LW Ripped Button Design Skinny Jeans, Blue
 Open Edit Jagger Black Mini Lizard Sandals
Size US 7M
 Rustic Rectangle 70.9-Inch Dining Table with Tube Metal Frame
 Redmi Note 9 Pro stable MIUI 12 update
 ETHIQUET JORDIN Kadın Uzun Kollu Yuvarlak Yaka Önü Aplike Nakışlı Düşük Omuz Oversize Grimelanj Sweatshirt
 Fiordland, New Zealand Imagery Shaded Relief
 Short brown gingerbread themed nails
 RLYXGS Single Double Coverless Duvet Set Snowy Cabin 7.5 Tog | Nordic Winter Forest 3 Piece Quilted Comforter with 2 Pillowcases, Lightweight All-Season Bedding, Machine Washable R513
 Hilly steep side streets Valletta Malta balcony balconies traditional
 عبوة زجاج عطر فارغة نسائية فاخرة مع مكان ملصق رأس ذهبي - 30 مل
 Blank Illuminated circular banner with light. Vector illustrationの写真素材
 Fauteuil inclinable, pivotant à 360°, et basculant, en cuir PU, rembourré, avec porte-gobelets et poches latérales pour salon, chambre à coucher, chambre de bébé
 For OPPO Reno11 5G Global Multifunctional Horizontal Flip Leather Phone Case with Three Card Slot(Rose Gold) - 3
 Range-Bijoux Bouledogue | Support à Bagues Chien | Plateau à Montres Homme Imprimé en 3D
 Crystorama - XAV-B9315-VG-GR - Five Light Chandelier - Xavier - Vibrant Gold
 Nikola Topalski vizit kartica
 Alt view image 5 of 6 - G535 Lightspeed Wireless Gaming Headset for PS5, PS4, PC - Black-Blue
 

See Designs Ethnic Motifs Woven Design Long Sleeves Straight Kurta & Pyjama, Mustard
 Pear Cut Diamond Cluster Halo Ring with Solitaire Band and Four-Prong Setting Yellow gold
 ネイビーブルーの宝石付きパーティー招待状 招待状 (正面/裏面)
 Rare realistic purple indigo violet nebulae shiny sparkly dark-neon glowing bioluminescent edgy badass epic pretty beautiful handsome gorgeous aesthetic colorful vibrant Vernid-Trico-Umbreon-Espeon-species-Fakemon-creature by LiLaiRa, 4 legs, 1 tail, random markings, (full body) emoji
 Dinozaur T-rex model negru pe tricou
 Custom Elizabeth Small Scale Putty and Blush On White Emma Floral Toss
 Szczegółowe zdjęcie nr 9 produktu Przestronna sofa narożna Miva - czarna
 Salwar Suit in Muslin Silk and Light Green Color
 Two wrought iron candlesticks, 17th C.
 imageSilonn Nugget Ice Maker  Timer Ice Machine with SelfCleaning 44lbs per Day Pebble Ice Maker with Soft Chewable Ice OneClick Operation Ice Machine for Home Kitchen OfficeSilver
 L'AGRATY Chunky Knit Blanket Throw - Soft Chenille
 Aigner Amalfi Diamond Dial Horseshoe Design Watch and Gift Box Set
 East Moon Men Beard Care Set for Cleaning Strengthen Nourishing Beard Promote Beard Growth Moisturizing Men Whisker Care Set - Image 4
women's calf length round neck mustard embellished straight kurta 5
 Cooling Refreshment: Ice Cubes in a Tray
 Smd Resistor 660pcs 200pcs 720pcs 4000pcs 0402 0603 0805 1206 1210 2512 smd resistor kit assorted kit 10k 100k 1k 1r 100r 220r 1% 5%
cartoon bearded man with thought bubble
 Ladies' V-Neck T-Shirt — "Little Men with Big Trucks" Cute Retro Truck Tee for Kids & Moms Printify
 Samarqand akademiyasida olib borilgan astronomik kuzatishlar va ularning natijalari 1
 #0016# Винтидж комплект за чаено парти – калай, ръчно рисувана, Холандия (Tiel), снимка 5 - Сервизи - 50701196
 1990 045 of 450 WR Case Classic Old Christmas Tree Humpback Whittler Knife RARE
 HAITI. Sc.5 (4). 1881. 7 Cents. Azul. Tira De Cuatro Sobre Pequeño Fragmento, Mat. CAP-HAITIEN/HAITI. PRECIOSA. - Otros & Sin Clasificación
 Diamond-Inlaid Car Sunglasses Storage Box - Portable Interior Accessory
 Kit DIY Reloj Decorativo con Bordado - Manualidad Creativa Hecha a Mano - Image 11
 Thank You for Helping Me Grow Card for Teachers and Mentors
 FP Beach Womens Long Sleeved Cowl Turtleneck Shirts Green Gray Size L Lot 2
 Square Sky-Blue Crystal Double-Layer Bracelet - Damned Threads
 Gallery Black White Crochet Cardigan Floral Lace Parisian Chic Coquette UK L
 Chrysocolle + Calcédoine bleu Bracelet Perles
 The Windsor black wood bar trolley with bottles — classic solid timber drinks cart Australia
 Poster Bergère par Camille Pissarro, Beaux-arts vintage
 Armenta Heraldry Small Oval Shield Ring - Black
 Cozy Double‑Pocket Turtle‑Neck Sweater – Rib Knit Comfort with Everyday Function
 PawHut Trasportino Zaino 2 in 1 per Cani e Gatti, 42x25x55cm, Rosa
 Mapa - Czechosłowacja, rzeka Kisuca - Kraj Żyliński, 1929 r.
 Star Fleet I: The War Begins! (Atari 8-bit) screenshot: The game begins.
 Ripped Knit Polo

**Task directions**
A verbatim transcription is required: the first line of the listing, the line containing "ネイビーブルーの宝石付きパーティー招待状 招待状 (正面/裏面)", and every line between them.

**Response area**
LW Ripped Button Design Skinny Jeans, Blue
 Open Edit Jagger Black Mini Lizard Sandals
Size US 7M
 Rustic Rectangle 70.9-Inch Dining Table with Tube Metal Frame
 Redmi Note 9 Pro stable MIUI 12 update
 ETHIQUET JORDIN Kadın Uzun Kollu Yuvarlak Yaka Önü Aplike Nakışlı Düşük Omuz Oversize Grimelanj Sweatshirt
 Fiordland, New Zealand Imagery Shaded Relief
 Short brown gingerbread themed nails
 RLYXGS Single Double Coverless Duvet Set Snowy Cabin 7.5 Tog | Nordic Winter Forest 3 Piece Quilted Comforter with 2 Pillowcases, Lightweight All-Season Bedding, Machine Washable R513
 Hilly steep side streets Valletta Malta balcony balconies traditional
 عبوة زجاج عطر فارغة نسائية فاخرة مع مكان ملصق رأس ذهبي - 30 مل
 Blank Illuminated circular banner with light. Vector illustrationの写真素材
 Fauteuil inclinable, pivotant à 360°, et basculant, en cuir PU, rembourré, avec porte-gobelets et poches latérales pour salon, chambre à coucher, chambre de bébé
 For OPPO Reno11 5G Global Multifunctional Horizontal Flip Leather Phone Case with Three Card Slot(Rose Gold) - 3
 Range-Bijoux Bouledogue | Support à Bagues Chien | Plateau à Montres Homme Imprimé en 3D
 Crystorama - XAV-B9315-VG-GR - Five Light Chandelier - Xavier - Vibrant Gold
 Nikola Topalski vizit kartica
 Alt view image 5 of 6 - G535 Lightspeed Wireless Gaming Headset for PS5, PS4, PC - Black-Blue
 

See Designs Ethnic Motifs Woven Design Long Sleeves Straight Kurta & Pyjama, Mustard
 Pear Cut Diamond Cluster Halo Ring with Solitaire Band and Four-Prong Setting Yellow gold
 ネイビーブルーの宝石付きパーティー招待状 招待状 (正面/裏面)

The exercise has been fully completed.